10 thoughts on “Update for December 2012”

  1. I am very interested to read the continuing debate about ‘need blind’ admission. I am a Wesleyan grad, the son of a Wesleyan graduate, and the father of one, Benjamin Fels. I am a working artist. When Benjamin applied to schools, he was accepted at all, but chose Wesleyan. We applied for a scholarship, but were told that because we owned property (which of course then had inflated value), though our income was well within the ‘need’ category, we couldn’t get scholarship help. Benjamin did win several merit grants during his time at the school, but we paid his way.
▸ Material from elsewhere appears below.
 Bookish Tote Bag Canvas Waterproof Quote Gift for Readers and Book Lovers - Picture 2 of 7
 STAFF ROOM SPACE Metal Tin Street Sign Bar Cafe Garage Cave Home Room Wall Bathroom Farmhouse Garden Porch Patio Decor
    I came to campus for my 35th reunion, where I was a featured speaker. This visit coincided with Benjamin’s second year on campus, and I made an appt with the financial aid office. I was again told the same story, that because Wesleyan used the federal form for determing need, and because the form showed we owned property of a certain value, we were not eligible. I explained again that we were two self-employed individuals in the arts, that we had no pension, no 501-K, that our property was our only hedge against the future. I asked if I were employed by a corporation with a large 501K plan, if I would have to report that pension as net worth on the form. No, I was told. Then, I asked does it not seem reasonable, or fair, that our property should be treated the in the same way, as investment for our ‘golden years’, not as net worth. “Sorry” they said.

    In effect we were being penalized because we lived outside the corporate structure. It angered Benjamin that many of his friends at Wesleyan, whose parents yearly earnings were far greater than those of his, were on scholarship. Neither he nor I have given to the university since his graduation. Wesleyan was in my will, it is no longer.
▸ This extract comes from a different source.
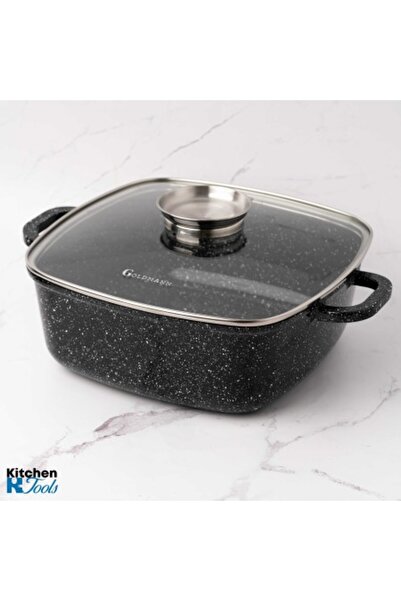 goldmann Cast aluminum roaster 24x10 cm, 4.5 L, induction, ceramic coating, heat-resistant lid -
    If Wesleyan is serious about reforming its financial aid, it will have to address the issue of how it determines net worth. I was blessed by a Wesleyan education, it prepared me well for my life as a visual artist. I have lived by my wits for decades now. I am grateful for what I learned in Middletown. But I was dismayed that the university could not see that someone like myself, a product of a Wesleyan mindset, would do things differently- that my wife and I would have to create a financial structure that reflected the way we live, and that the structure did not mean we were independently wealthy. Wesleyan encourages critical thinking, but it could not think critically about the strictures that governed financial aid at the university. The need determination process was blind, even if need wasn’t. If Wesleyan wants to attract truly ‘middle class’ kids, it will need to find ways to help them financially. Otherwise the biggest risk, which I am sure you know, is that the university will not just be an elite university, but a place only for elitists.

    Don Fels ’68

  2. Michael:
    I am a graudate of Wesleyan, class of 1970. I have recently had three children go through private liberal arts colleges (one is still in school) and have been absolutely stunned at what this has cost our family. So I very much appreciate your efforts to address the cost of attending Wesleyan in your strategic planning. Capping the tuition increases so as not to exceed the rise in the COL is a good start, among other things.
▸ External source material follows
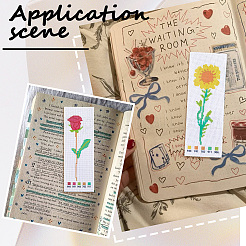 DIY Flower Pattern Embroidery Bookmark Kits&nbsp;DIY-SC0028-91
    In our case, as my wife is a physician, our combined family income resulted in our getting NO need based financial aid unless we had two kids in private colleges at the same time. The need based formulas calculated that our family contribution could be as much as $70,000 per year for college tuition. Given that our total after tax family income was about $225,000 annually, there was simply no way we could afford $70,000 per year for so many years running. Who has that kind of money left over after all other household expenses get paid?

    We also didn’t want to burden ourselves or our children with excessive debt such that they could not consider lower paying but socially meaningful occupations (one of our kids is a high school math teacher, one a social worker).

    As a result, we could not consider Wesleyan as an option for our three kids, despite it being a great school and my alma matter. As you noted in above Wesleyan is now one of the MOST expensive schools in the nation – I beileve all costs combined now exceed $55,000/yr. We decided our kids would have to apply to liberal arts colleges that offered merit scholarship (which they were able to get) so we could get some help with the cost. (Something Wesleyan might consider).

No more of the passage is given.